(WHAT YOU NEED TO DO):
Wherever a picture sits, omit it. Output the rest of the listing exactly.

----- GIVEN INFORMATION

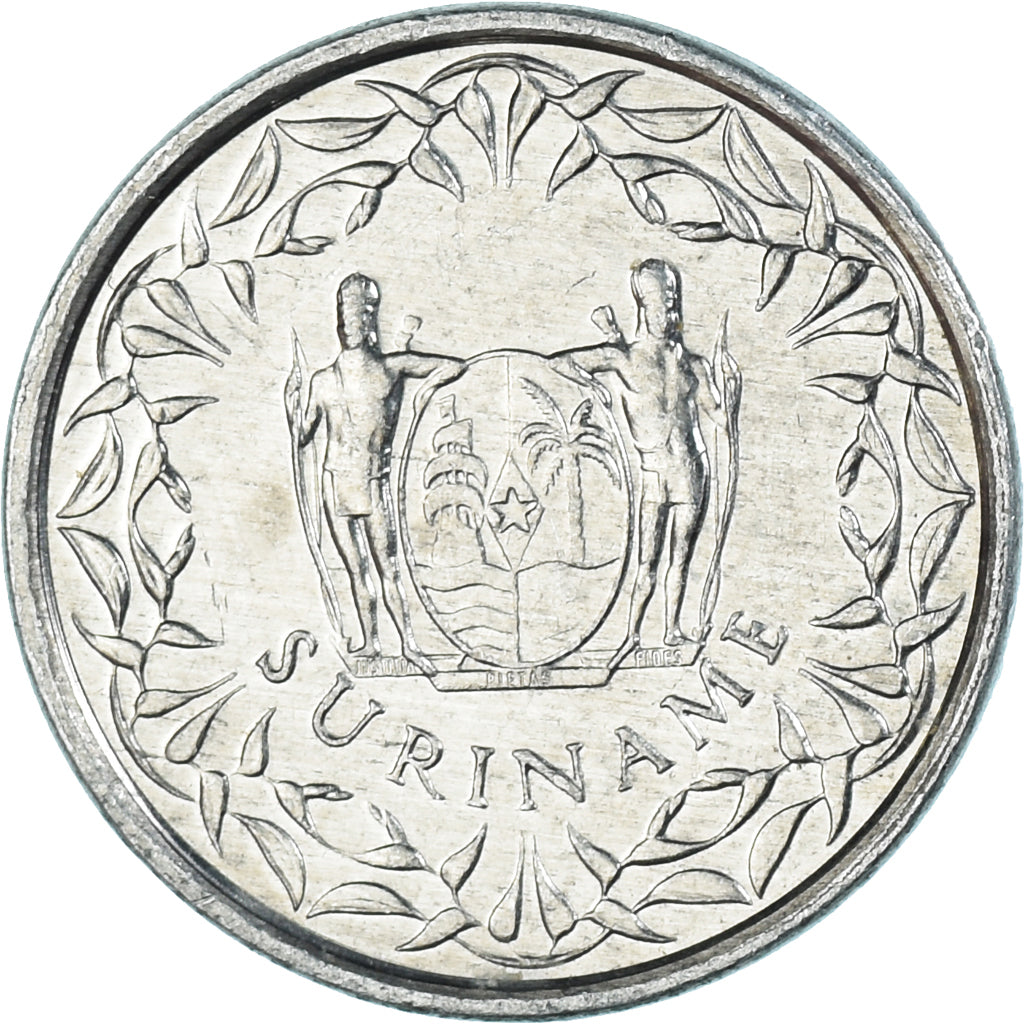 Coin, Surinam, Cent, 1976
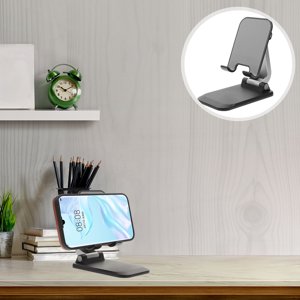 Raindrops Support de téléphone portable pliable noir avec Pad Non-dérapant Design pour les appels vidéo et la musique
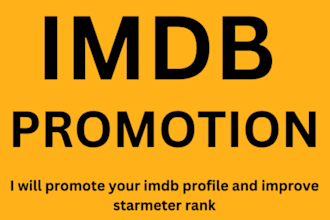 promote imdb profile, increase your movie rating on imdb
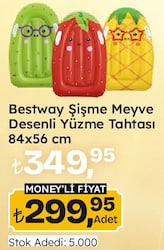 Bestway Şişme Meyve Desenli Yüzme Tahtası 84x56 cm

----------

(RESULT BELOW):
 Coin, Surinam, Cent, 1976
 Raindrops Support de téléphone portable pliable noir avec Pad Non-dérapant Design pour les appels vidéo et la musique
 promote imdb profile, increase your movie rating on imdb
 Bestway Şişme Meyve Desenli Yüzme Tahtası 84x56 cm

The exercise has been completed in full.